Re: [PATCH 1/3] locking/ww_mutex: cleanup lock->ctx usage in amdgpu

From: Daniel Vetter
Date: Mon Feb 19 2018 - 11:44:04 EST


On Mon, Feb 19, 2018 at 05:29:46PM +0100, Christian König wrote:
> Am 19.02.2018 um 17:15 schrieb Daniel Vetter:
> > On Mon, Feb 19, 2018 at 04:41:55PM +0100, Christian König wrote:
> > > Am 19.02.2018 um 16:24 schrieb Daniel Vetter:
> > > > On Thu, Feb 15, 2018 at 03:19:42PM +0100, Christian König wrote:
> > > > > amdgpu needs to verify if userspace sends us valid addresses and the simplest
> > > > > way of doing this is to check if the buffer object is locked with the ticket
> > > > > of the current submission.
> > > > >
> > > > > Clean up the access to the ww_mutex internals by providing a function
> > > > > for this and extend the check to the thread owning the underlying mutex.
> > > > >
> > > > > Signed-off-by: Christian König <christian.koenig@xxxxxxx>
> > > > > ---
> > > > > drivers/gpu/drm/amd/amdgpu/amdgpu_cs.c | 3 ++-
> > > > > include/linux/ww_mutex.h | 17 +++++++++++++++++
> > > > > 2 files changed, 19 insertions(+), 1 deletion(-)
> > > > >
> > > > > diff --git a/drivers/gpu/drm/amd/amdgpu/amdgpu_cs.c b/drivers/gpu/drm/amd/amdgpu/amdgpu_cs.c
> > > > > index eaa3cb0c3ad1..4c04b560e358 100644
> > > > > --- a/drivers/gpu/drm/amd/amdgpu/amdgpu_cs.c
> > > > > +++ b/drivers/gpu/drm/amd/amdgpu/amdgpu_cs.c
> > > > > @@ -1594,7 +1594,8 @@ int amdgpu_cs_find_mapping(struct amdgpu_cs_parser *parser,
> > > > > *map = mapping;
> > > > > /* Double check that the BO is reserved by this CS */
> > > > > - if (READ_ONCE((*bo)->tbo.resv->lock.ctx) != &parser->ticket)
> > > > > + if (!ww_mutex_is_owned_by(&(*bo)->tbo.resv->lock, current,
> > > > > + &parser->ticket))
> > > > > return -EINVAL;
> > > > > if (!((*bo)->flags & AMDGPU_GEM_CREATE_VRAM_CONTIGUOUS)) {
> > > > > diff --git a/include/linux/ww_mutex.h b/include/linux/ww_mutex.h
> > > > > index 39fda195bf78..dd580db289e8 100644
> > > > > --- a/include/linux/ww_mutex.h
> > > > > +++ b/include/linux/ww_mutex.h
> > > > > @@ -358,4 +358,21 @@ static inline bool ww_mutex_is_locked(struct ww_mutex *lock)
> > > > > return mutex_is_locked(&lock->base);
> > > > > }
> > > > > +/**
> > > > > + * ww_mutex_is_owned_by - is the w/w mutex locked by this task in that context
> > > > > + * @lock: the mutex to be queried
> > > > > + * @task: the task structure to check
> > > > > + * @ctx: the w/w acquire context to test
> > > > > + *
> > > > > + * Returns true if the mutex is locked in the context by the given task, false
> > > > > + * otherwise.
> > > > > + */
> > > > > +static inline bool ww_mutex_is_owned_by(struct ww_mutex *lock,
> > > > > + struct task_struct *task,
> > > > > + struct ww_acquire_ctx *ctx)
> > > > > +{
> > > > > + return likely(__mutex_owner(&lock->base) == task) &&
> > > > > + READ_ONCE(lock->ctx) == ctx;
> > > > Just comparing the context should be good enough.

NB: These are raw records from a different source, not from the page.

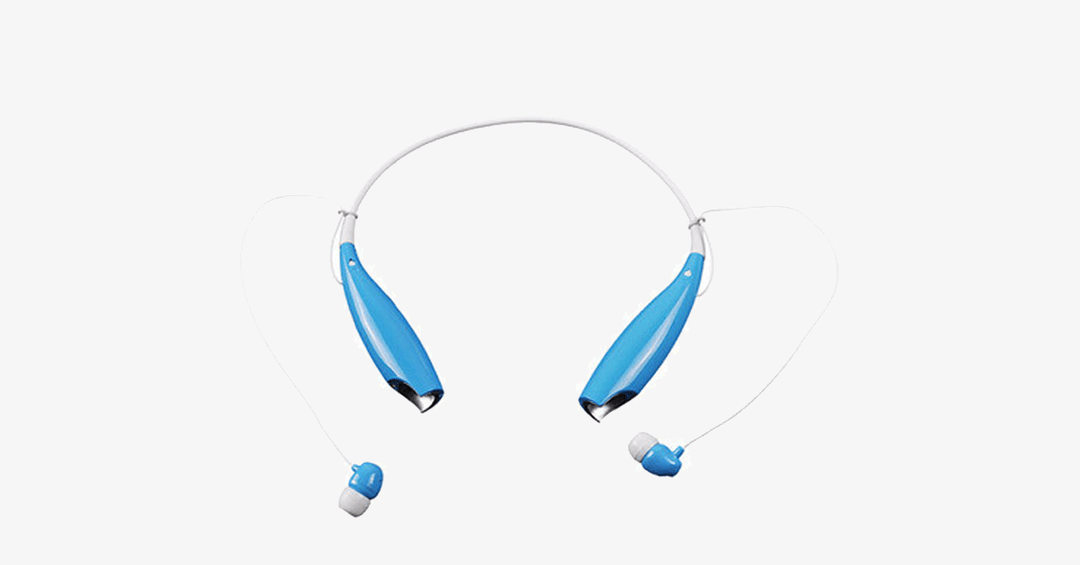 Skanto | Vanntett Bluetooth hodetelefoner bak nakken – Musikk i ørene!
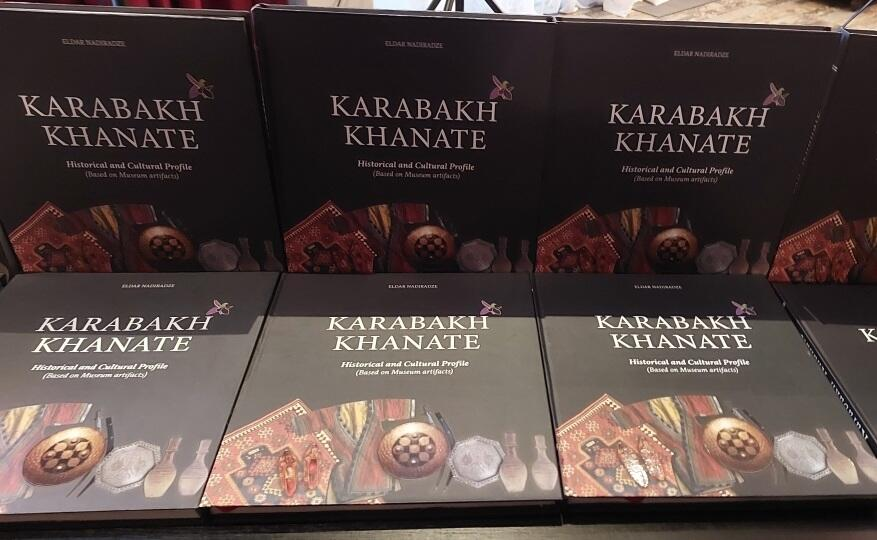 Qarabağın tarixi irsi barədə kitab təqdim olundu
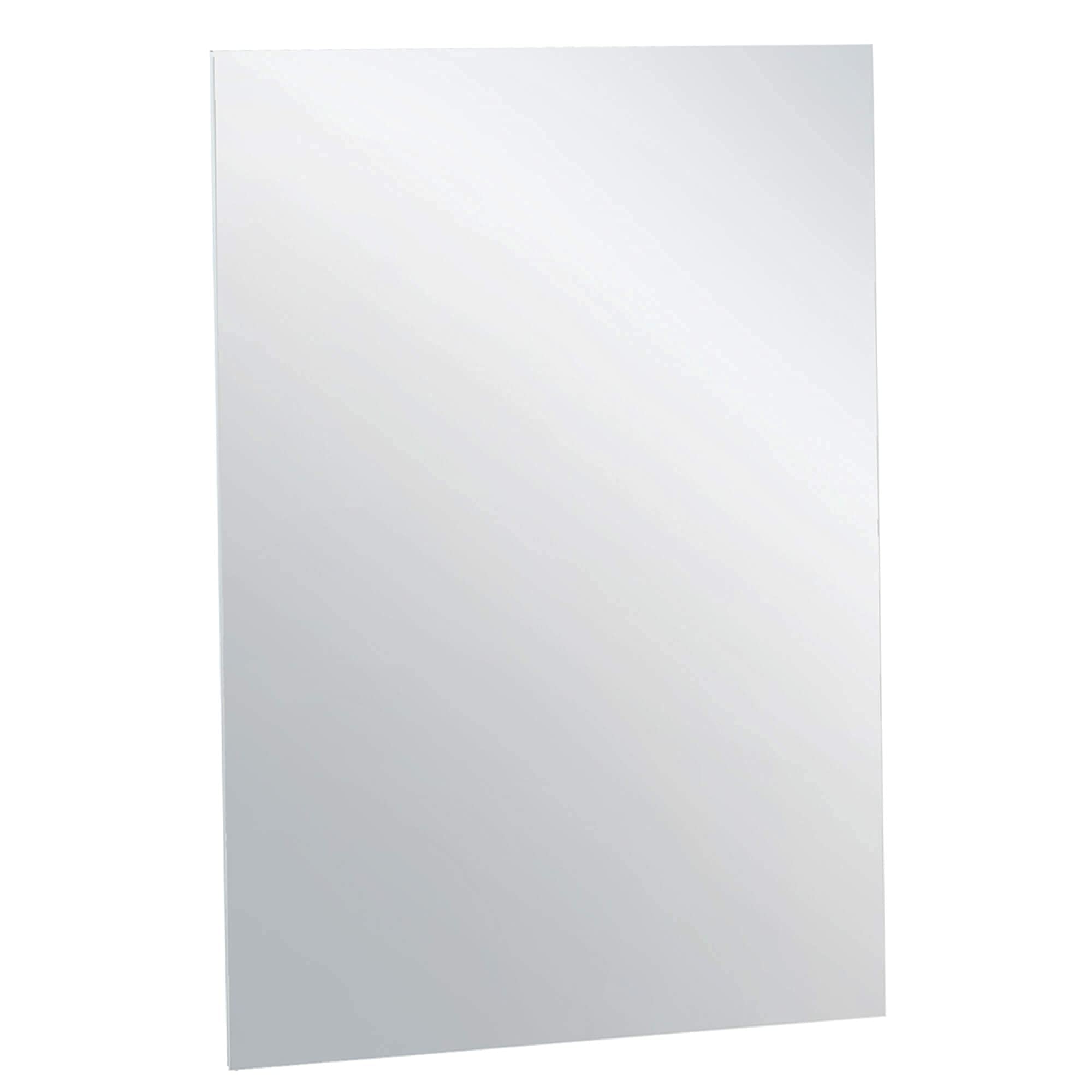 Fab Glass and Mirror 48x60 Inch Large Full Body Wall Mirror, Gym Mirror for Home Gym Wall, Activity Mirror for Dance, Ballerina 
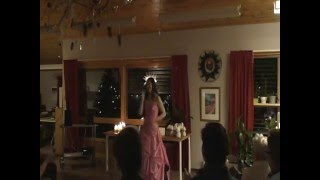 Live from a concert: Santa Claus Is Coming To Town (Celtic Woman)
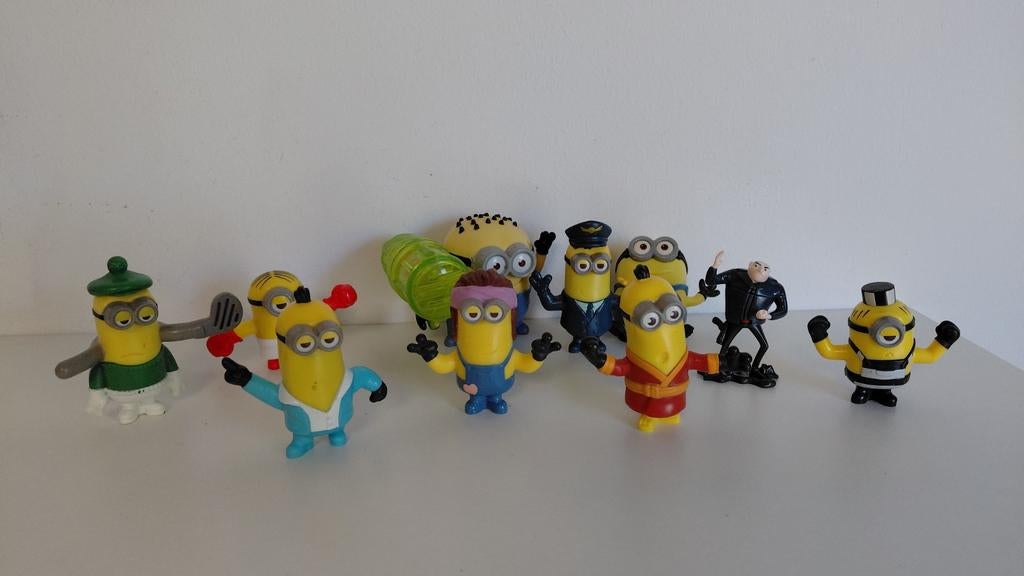 Minions poppetjes, Ophalen of Verzenden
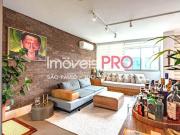 Apartamento mobiliado e decorado localizado no Itaim Bibi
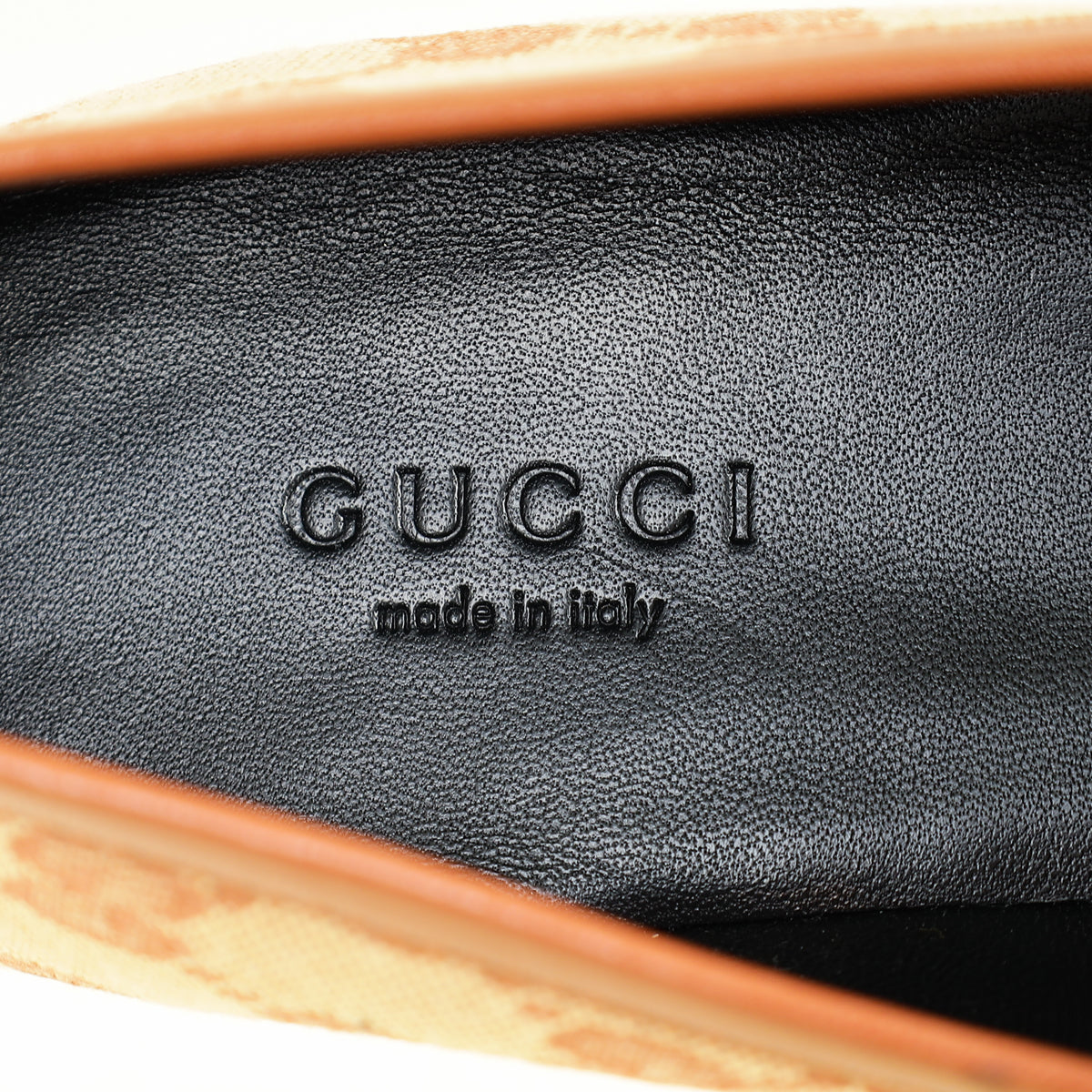 Gucci Bicolor GG Jordaan Loafer 36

If you ever pass a
> > > > ww_acquire_ctx which does not belong to your own thread your seriously
> > > > wreaking things much worse already (and if we do catch that, should
> > > > probably lock the ctx to a given task when ww-mutex debugging is enabled).
> > > >
> > > > That also simplifies the function signature.
> > > >
> > > > Of course that means if you don't have a ctx, you can't test ownership of
> > > > a ww_mute, but I think that's not a really valid use-case.
> > > Well exactly that is the use case in TTM, see patch #3 in this series.
> > >
> > > In TTM the evicted BOs are trylocked and so we need a way of testing for
> > > ownership without a context.
> > I don't think your final patch to keep ww_mutex locked until the end
> > works. You can't really nest ww_mutex_trylock with ww_mutex at will (since
> > trylock bypasses the entire deadlock avoidance).
>
> Well that is not a problem at all. See we don't nest trylock with normal
> lock acquiring, cause that would indeed bypass the whole deadlock detection.
>
> Instead we first use ww_mutex_acquire to lock all BOs which are needed for a
> command submission, including the deadlock detection.
>
> Then all additional BOs which needed to be evicted to fulfill the current
> request are trylocked.

Yeah it's the lock; trylock; lock combo that deadlocks. If lockdep indeed
catches that one (and not some other recursion combo) then I think we
don't have to worry about holding tons of trylock'ed locks.
>
> > If this is really what you want to do, then we need a
> > ww_mutex_trylock_ctx, which also fills out the ctx value (so that other
> > threads can correctly resolve deadlocks when you hold that lock while
> > trying to grab additional locks). In which case you really don't need the
> > task pointer.
>
> Actually considered that as well, but it turned out that this is exactly
> what I don't want.
>
> Cause then we wouldn't be able to distinct ww_mutex locked with a context
> (because they are part of the submission) and without (because TTM trylocked
> them).

Out of curiosity, why do you need to know that?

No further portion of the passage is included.